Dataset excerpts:
□ □ □

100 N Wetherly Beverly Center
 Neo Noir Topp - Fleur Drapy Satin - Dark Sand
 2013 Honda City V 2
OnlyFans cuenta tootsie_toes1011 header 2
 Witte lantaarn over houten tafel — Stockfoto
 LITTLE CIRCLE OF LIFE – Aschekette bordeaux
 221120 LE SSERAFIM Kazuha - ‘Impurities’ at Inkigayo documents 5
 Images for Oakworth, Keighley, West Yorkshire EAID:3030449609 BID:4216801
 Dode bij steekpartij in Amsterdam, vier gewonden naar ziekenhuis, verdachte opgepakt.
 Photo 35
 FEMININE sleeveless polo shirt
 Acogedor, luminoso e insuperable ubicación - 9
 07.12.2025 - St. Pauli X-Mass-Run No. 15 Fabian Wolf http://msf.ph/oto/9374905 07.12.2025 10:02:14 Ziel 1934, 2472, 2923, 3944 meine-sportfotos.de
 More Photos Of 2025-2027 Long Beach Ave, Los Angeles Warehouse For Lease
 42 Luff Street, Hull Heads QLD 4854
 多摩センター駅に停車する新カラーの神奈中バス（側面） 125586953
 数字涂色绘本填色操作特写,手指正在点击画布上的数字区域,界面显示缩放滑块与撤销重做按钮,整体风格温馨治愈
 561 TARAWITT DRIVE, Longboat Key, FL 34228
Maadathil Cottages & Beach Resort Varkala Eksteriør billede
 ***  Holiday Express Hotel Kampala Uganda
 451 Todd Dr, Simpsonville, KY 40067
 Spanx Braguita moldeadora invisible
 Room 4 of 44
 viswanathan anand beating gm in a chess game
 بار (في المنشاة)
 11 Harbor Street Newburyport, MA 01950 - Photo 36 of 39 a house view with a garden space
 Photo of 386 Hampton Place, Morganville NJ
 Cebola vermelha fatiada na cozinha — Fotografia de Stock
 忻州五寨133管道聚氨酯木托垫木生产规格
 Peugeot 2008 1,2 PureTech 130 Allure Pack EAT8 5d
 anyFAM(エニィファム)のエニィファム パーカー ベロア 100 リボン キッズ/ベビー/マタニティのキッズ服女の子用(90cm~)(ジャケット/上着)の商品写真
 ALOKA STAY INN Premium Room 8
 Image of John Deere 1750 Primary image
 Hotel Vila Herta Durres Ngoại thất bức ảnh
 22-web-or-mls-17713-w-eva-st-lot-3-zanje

□ □ □

Directions for this task: Output exactly the span of lines beginning at the first line of the records and ending at the line that holds "Photo of 386 Hampton Place, Morganville NJ", inclusive, with no other text.

Task result:
100 N Wetherly Beverly Center
 Neo Noir Topp - Fleur Drapy Satin - Dark Sand
 2013 Honda City V 2
OnlyFans cuenta tootsie_toes1011 header 2
 Witte lantaarn over houten tafel — Stockfoto
 LITTLE CIRCLE OF LIFE – Aschekette bordeaux
 221120 LE SSERAFIM Kazuha - ‘Impurities’ at Inkigayo documents 5
 Images for Oakworth, Keighley, West Yorkshire EAID:3030449609 BID:4216801
 Dode bij steekpartij in Amsterdam, vier gewonden naar ziekenhuis, verdachte opgepakt.
 Photo 35
 FEMININE sleeveless polo shirt
 Acogedor, luminoso e insuperable ubicación - 9
 07.12.2025 - St. Pauli X-Mass-Run No. 15 Fabian Wolf http://msf.ph/oto/9374905 07.12.2025 10:02:14 Ziel 1934, 2472, 2923, 3944 meine-sportfotos.de
 More Photos Of 2025-2027 Long Beach Ave, Los Angeles Warehouse For Lease
 42 Luff Street, Hull Heads QLD 4854
 多摩センター駅に停車する新カラーの神奈中バス（側面） 125586953
 数字涂色绘本填色操作特写,手指正在点击画布上的数字区域,界面显示缩放滑块与撤销重做按钮,整体风格温馨治愈
 561 TARAWITT DRIVE, Longboat Key, FL 34228
Maadathil Cottages & Beach Resort Varkala Eksteriør billede
 ***  Holiday Express Hotel Kampala Uganda
 451 Todd Dr, Simpsonville, KY 40067
 Spanx Braguita moldeadora invisible
 Room 4 of 44
 viswanathan anand beating gm in a chess game
 بار (في المنشاة)
 11 Harbor Street Newburyport, MA 01950 - Photo 36 of 39 a house view with a garden space
 Photo of 386 Hampton Place, Morganville NJ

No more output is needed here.